Sergey Senozhatsky April 17, 2023, 12:37 p.m. UTC | #2

Hi,

On (23/04/17 04:53), Yosry Ahmed wrote:
> > Introduce pool compaction mutex and permit only one compaction
> > context at a time.
> 
> I am not sure what's the best practice here, but if the only use of
> the mutex is a trylock, do we need a mutex here? It seems like a
> simple atomic would do the trick. Perhaps something like:
> 
> static atomic_t ongoing_compaction = ATOMIC_INIT(0);
> ...
> if (atomic_xchg(&ongoing_compaction, 1))
>     return;
> ....
> atomic_set(&ongoing_compaction, 0);

Looks good to me. Will switch to atomic_t in v2.

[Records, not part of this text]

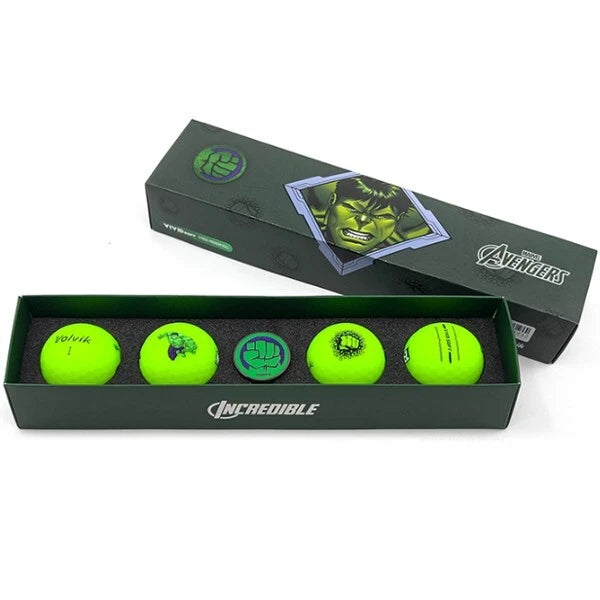 Volvik x Marvel Collaboration Hulk Golf Balls Vivid Soft & Ball Marker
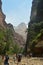 Grand Gorge With Views Of A Most High Mountain In Zion Park. Geology Travel Holidays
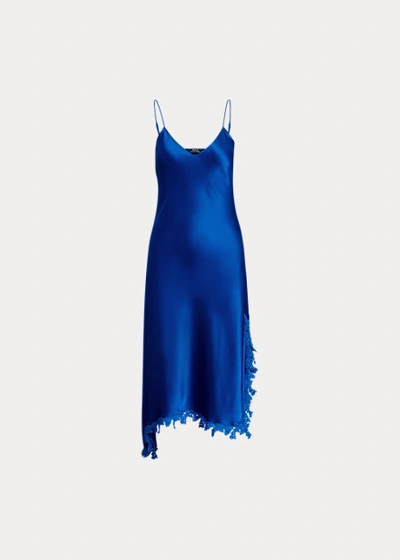 Shop Ralph Lauren Lace-trim Satin Slip Dress In Sapphire Star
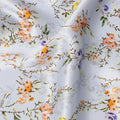 Powder Blue Base with Yellow, Orange & Lavender Mini Floral Print Premium Italian Pure Silk Satin Fabric, 140 Cms Width, Made in Italy-D22989
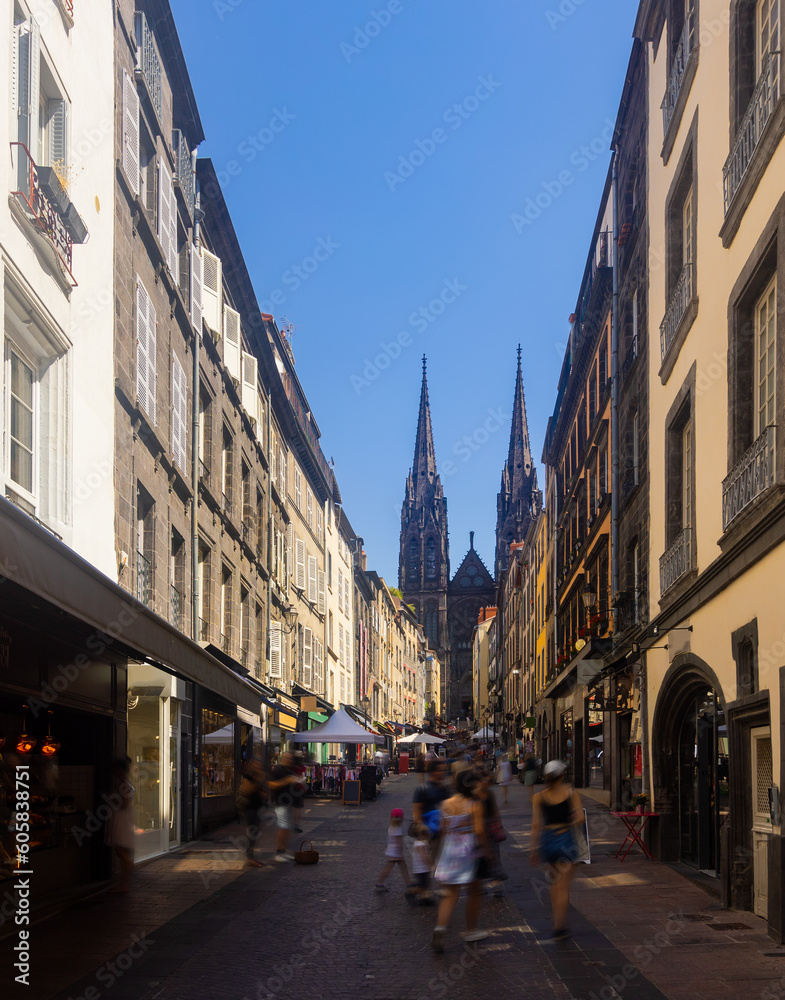 Summer landscape of city streets in Clermont-Ferrand, France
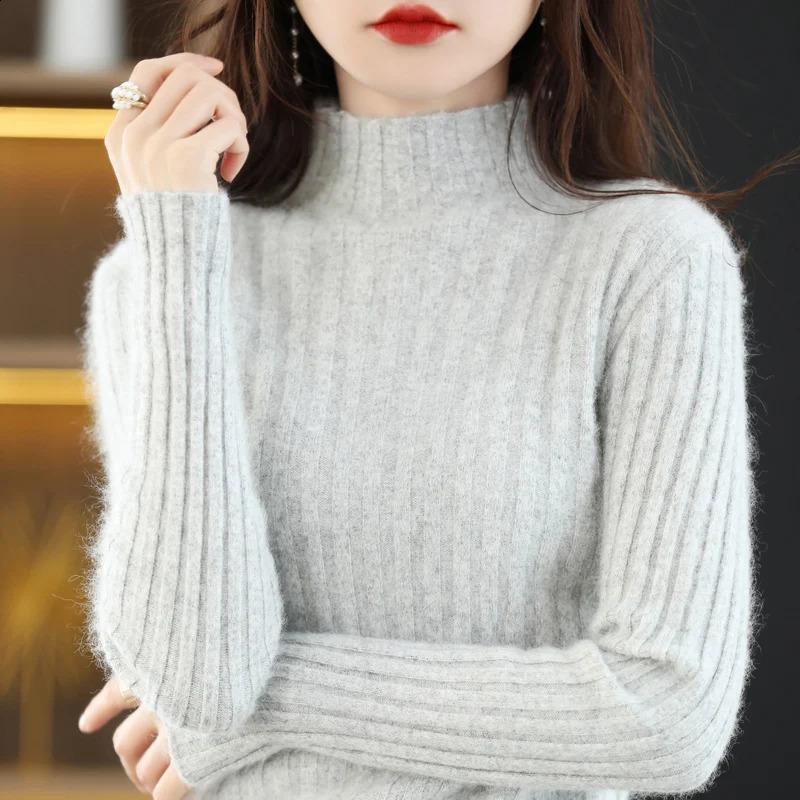 100% Mink Cashmere Womens Sweater Knitted Long Sleeve Pullover Half High Collar Loose Underlay Soft Fashion Womens Top 240824
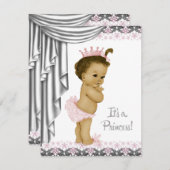 プリンセスピンクとグレーのベビーガールシャワー 招待状 (正面/裏面)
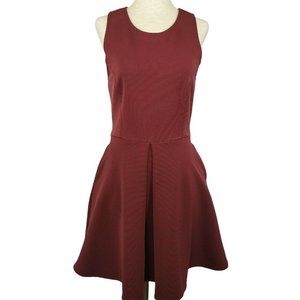 Kendall & Kylie Womens dress sz S/M Skater Cutout Maroon sleeveless pockets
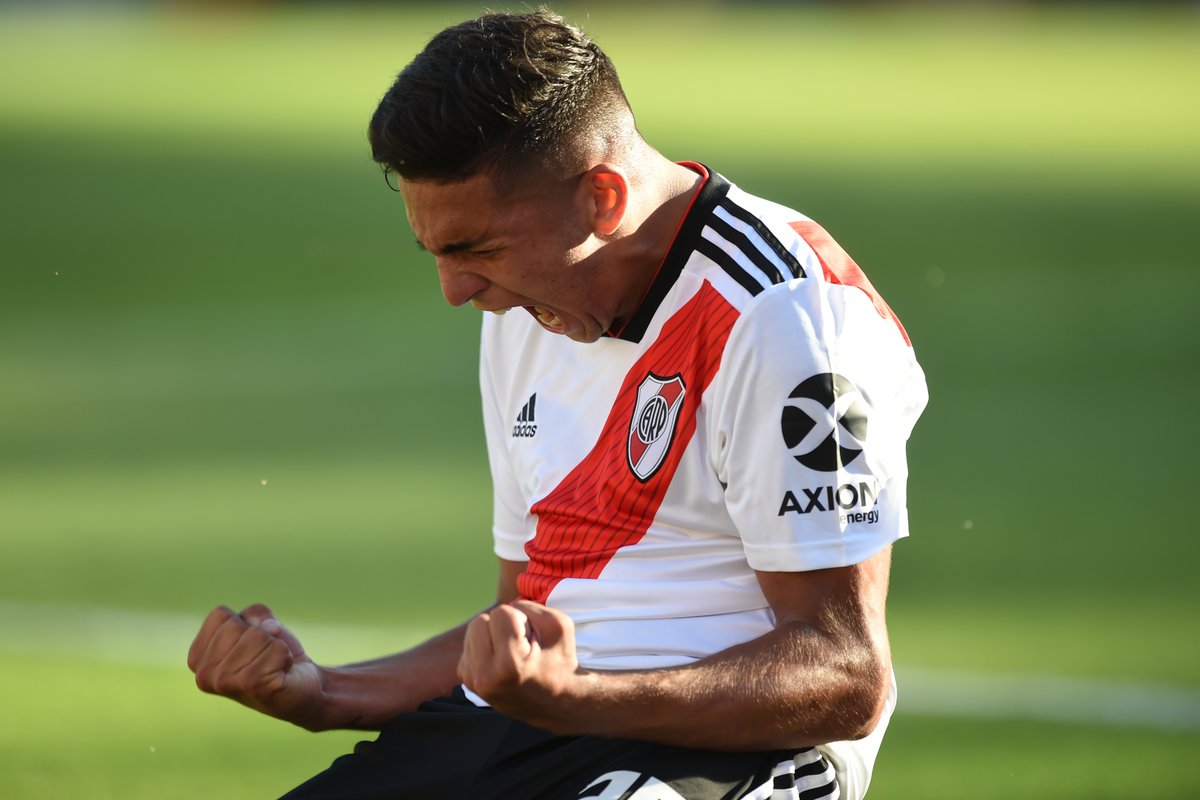 Hernán López Muñoz, sobrino nieto de Maradona, debutó con River Plate con un gol (Prensa River Plate)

diff --git a/mm/zsmalloc.c b/mm/zsmalloc.c
index cc81dfba05a0..0e036ec56c3c 100644
--- a/mm/zsmalloc.c
+++ b/mm/zsmalloc.c
@@ -264,6 +264,7 @@  struct zs_pool {
 	struct work_struct free_work;
 #endif
 	spinlock_t lock;
+	struct mutex compact_lock;
 };
 
 struct zspage {
@@ -2274,6 +2275,9 @@  unsigned long zs_compact(struct zs_pool *pool)
 	struct size_class *class;
 	unsigned long pages_freed = 0;
 
+	if (!mutex_trylock(&pool->compact_lock))
+		return 0;
+
 	for (i = ZS_SIZE_CLASSES - 1; i >= 0; i--) {
 		class = pool->size_class[i];
 		if (class->index != i)
@@ -2281,6 +2285,7 @@  unsigned long zs_compact(struct zs_pool *pool)
 		pages_freed += __zs_compact(pool, class);
 	}
 	atomic_long_add(pages_freed, &pool->stats.pages_compacted);
+	mutex_unlock(&pool->compact_lock);
 
 	return pages_freed;
 }
@@ -2388,6 +2393,7 @@  struct zs_pool *zs_create_pool(const char *name)
 
 	init_deferred_free(pool);
 	spin_lock_init(&pool->lock);
+	mutex_init(&pool->compact_lock);
 
 	pool->name = kstrdup(name, GFP_KERNEL);
 	if (!pool->name)